Jemand fing ihn im letzten Moment auf. Eine warme Hand strich über seine verletzte Stirn. Anschließend wurde er sanft abgelegt.
»DAS nennst du unversehrt?!«, donnerte eine zornige Stimme, bei der Jari augenblicklich die Augen aufschlug und den Kopf hob.
Nein, es war kein Traum! Dort stand Zhyan, und vor ihm eine Frau in weißen Gewändern. Die weiße Dame Saphaura! Sie wich vor dem wütenden verbannten Prinz zurück. Zhyan bebte vor Zorn, hatte die Fäuste geballt und es geschah das, was Jari befürchtet hatte. Sein Freund explodierte, und das wortwörtlich: Funken stoben aus einer dichten Rauchwolke, die sich zu einem Wirbelwind formte und schließlich zu einem Hurrikan, der allerdings nicht mehr grau war, sondern in allen Farben leuchtete. Und dieser Hurrikan ließ den Turm der weißen Dame erzittern und beben. Schon fielen die ersten Trümmer. Saphaura war nicht mehr zu sehen. Jari wollte fliehen, doch er konnte nicht aufstehen. Und auch den Trümmerteilen konnte er nicht ausweichen. Aber seltsamerweise traf ihn kein einziges. Erst da nahm er die farbige Blase wahr, die sich schützend über ihn ausbreitete. Zhyan war also noch geistesgegenwärtig genug gewesen, seinen Schüler vor seinem Zorn zu bewahren.

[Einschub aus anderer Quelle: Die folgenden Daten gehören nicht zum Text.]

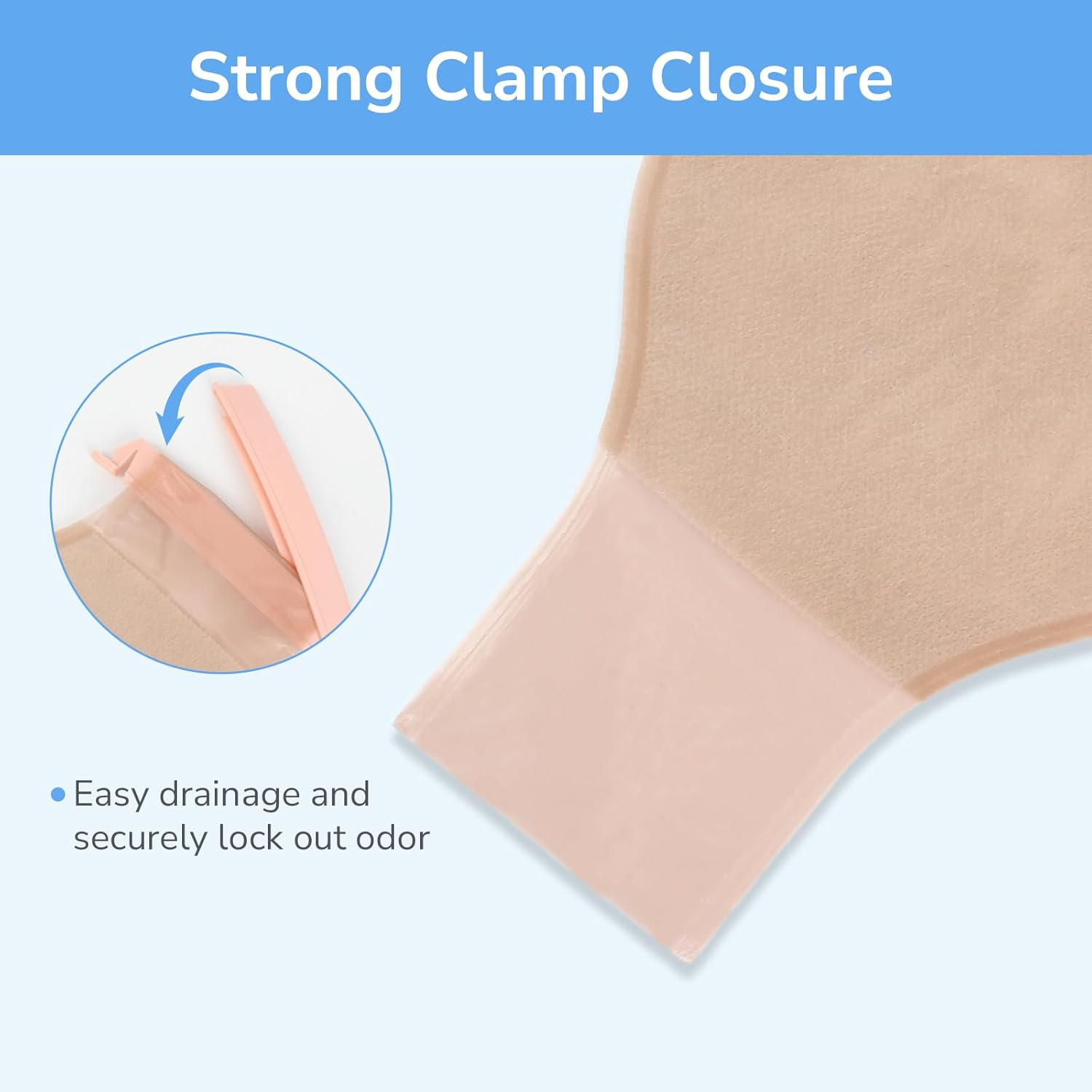 22 PCS Ostomy Supplies Colostomy Bags, 2 Piece Clamp Drainable Pouches for Colostomy Ileostomy Stoma Care, Cut-To-Fit, 70 Mm Max (16 X Ostomy Bags+ 6 X Barriers+3 X Clamps) image number 4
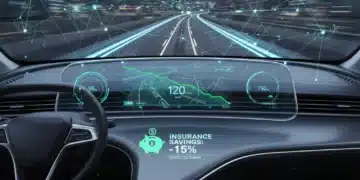 Futuristic car dashboard with telematics data showing insurance savings graph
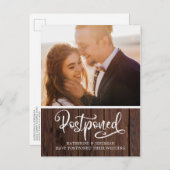 Rustikale Holztypografie - Hochzeitsszenario Postkarte (Vorne/Hinten)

Ein fauchendes Brüllen ertönte von sehr weit unten, und Jari, der genau wusste, dass das der Schnabelzahndrachen war, stieß ein Wimmern aus und schluchzte auf. Die Erinnerung an die Dunkelheit und diesem bösartigen Geschöpf lief ihm als dunkelrotes Blut warm über den Rücken.
Doch Zhyan holte ihn wieder ins Hier und Jetzt zurück. Jari wurde von ihm huckepack genommen und sie sprangen durch ein zersplittertes Fenster nach draußen. In die Tiefe. Dem Jungen wurde schwindelig und wieder umfing ihn Dunkelheit, diesmal allerdings fühlte sie sich wie eine Befreiung an.